De vrije en verantwoordelijke pers
We keren terug naar de gegeven definitie van christelijke journalistiek: het kenmerk van christelijke journalistiek is dat het nieuws wordt verzameld, doorgegeven en becommentarieerd binnen de grenzen van Gods wet. Dat betekent niet dat de algemeen aanvaarde normen binnen de journalistiek (zoals het toepassen van hoor en wederhoor) overboord worden gezet. In tegendeel. Het is een karikaturale voorstelling dat de journalist van een neutrale krant onbevooroordeeld tegenover het nieuws staat, terwijl zijn collega van een christelijke krant alles door een gekleurde bril ziet. Kort na de Tweede Wereldoorlog werd in Amerika een rapport uitgegeven onder de titel; The free and responsible press. De commissie die het rapport had uitgebracht, bestond uit politici, journalisten en uitgevers. In het rapport gaven zij hun visie op de taak van de pers in een democratie. Hier volgen de gegeven kenmerken van een verantwoorde informatievoorziening:
1. het geven van een waarheidsgetrouw verslag van de dagelijkse gebeurtenissen, zodat een helder inzicht in de maatschappelijke ontwikkelingen kan worden verkregen;
2. het bieden van een forum waar commentaar en kritiek kan worden uitgewisseld;
3. het geven van een representatief beeld van de diverse groeperingen in de samenlevingen;
4. het geven van informatie over de doelstellingen en de waarden en normen van de samenleving;
5. het geven van toegang tot de aanwezige kennis in de samenleving.
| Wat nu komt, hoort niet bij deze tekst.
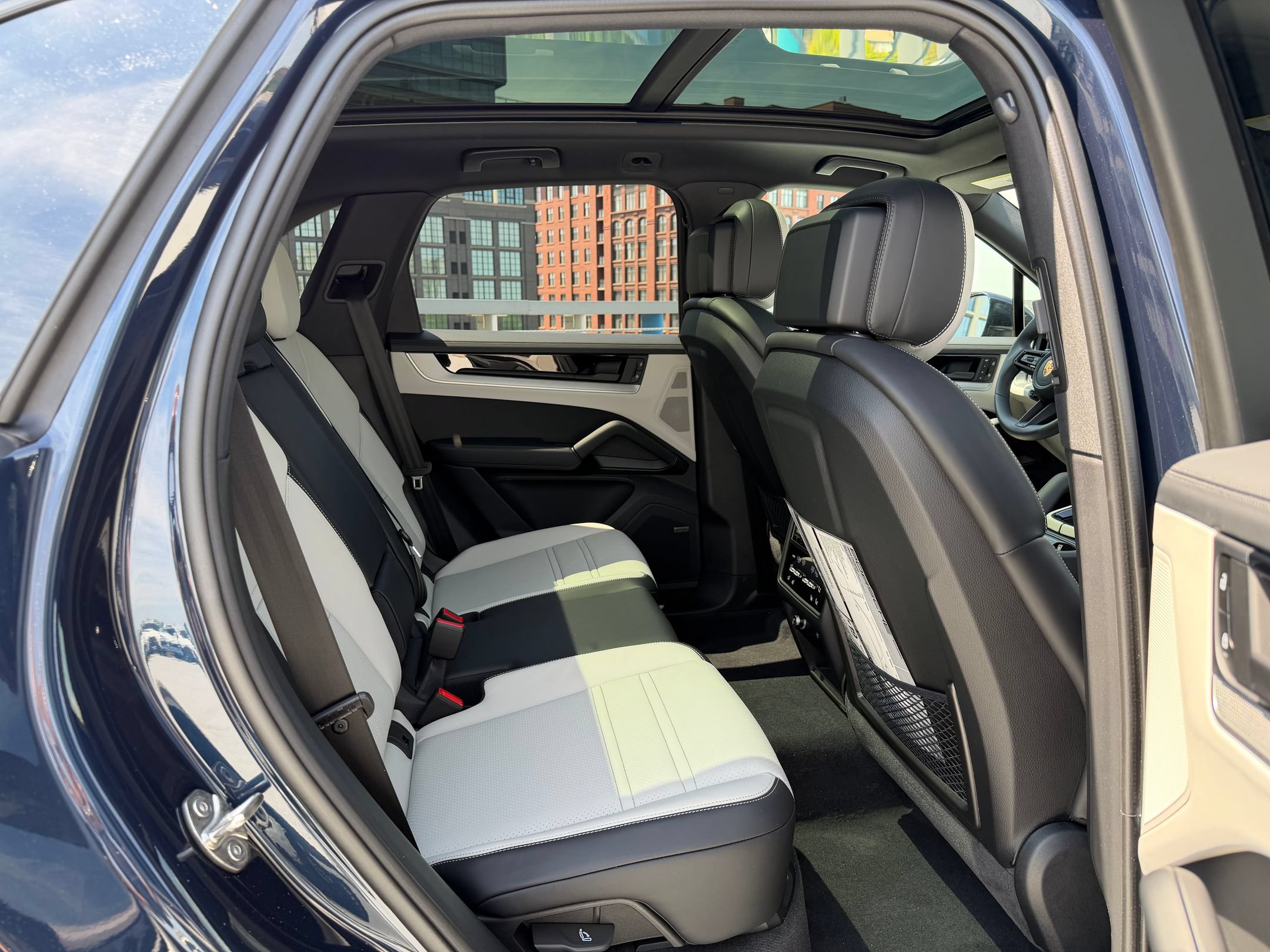 Certified 2026 Porsche Cayenne AWD/4WD image 18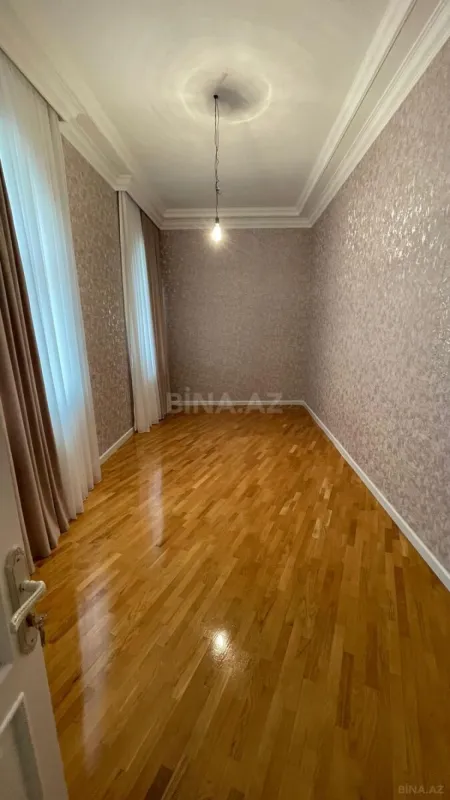 Satılır 8 otaqlı həyət evi 450 m²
Geen van deze regels wordt ondergraven door Gods wet. Ze worden er juist door aangescherpt. Het hoeft dan ook niet te verbazen dat uit de in 1982 gepubliceerde studie Krant en democratie bleek, dat het Reformatorisch Dagblad en het Nederlands Dagblad opvallen door evenwichtigheid, openheid van berichtgeving en zorgvuldigheid van de weergave. Wie zich houdt aan de norm van Gods wet, brengt journalistiek een uitstekend product.
Geen afgoderij en beeldendienst
Wat houdt het in om journalistiek te bedrijven binnen de grenzen van Gods wet? Een goede leidraad is de verklaring van de Tien Geboden in de Heidelbergse Catechismus. Het zal duidelijk zijn dat het binnen de gegeven ruimte onmogelijk is zaken uit te diepen. Ik stip ze slechts aan.
God alleen erkennen
Het eerste gebod houdt in dat wij slechts één God erkennen en voor alles aan Hem verantwoording schuldig zijn. Vertaald naar de journalistiek betekent dit dat we niet schrijven om van de mensen gezien te worden en dat we kritiek op ons werk beoordelen in het licht van Gods Woord. Is de geuite kritiek terecht, dan moeten we niet schromen onze mening publiek te herzien. Als niet duidelijk kan worden gemaakt waar het geschrevene de norm van Gods Woord overschrijdt, hoeven we er niet wakker van te liggen. Ook niet als de kritiek afkomstig is van politieke of kerkelijke hoogwaardigheidsbekleders uit eigen kring.
Niet buigen voor beelden
Het tweede gebod impliceert dat wij niet buigen voor denkbeelden die grote populariteit hebben, maar niet naar Gods Woord zijn. In onze samenleving liggen de voorbeelden voor het opscheppen. Het moderne denkbeeld over gezag, de veranderde waardering van de seksualiteit, de hedendaagse visie op de rol van de vrouw, de bedreiging van de beschermwaardigheid van het leven. De zogenaamd neutrale kranten blijken allerminst neutraal. Ze bukken slaafs voor de alom aanbeden beelden. Het vraagt geloofsmoed en -kracht om dan, net als Sadrach, Mesach en Abednego, rechtop te blijven staan. De verleiding is groot om de massa te volgen.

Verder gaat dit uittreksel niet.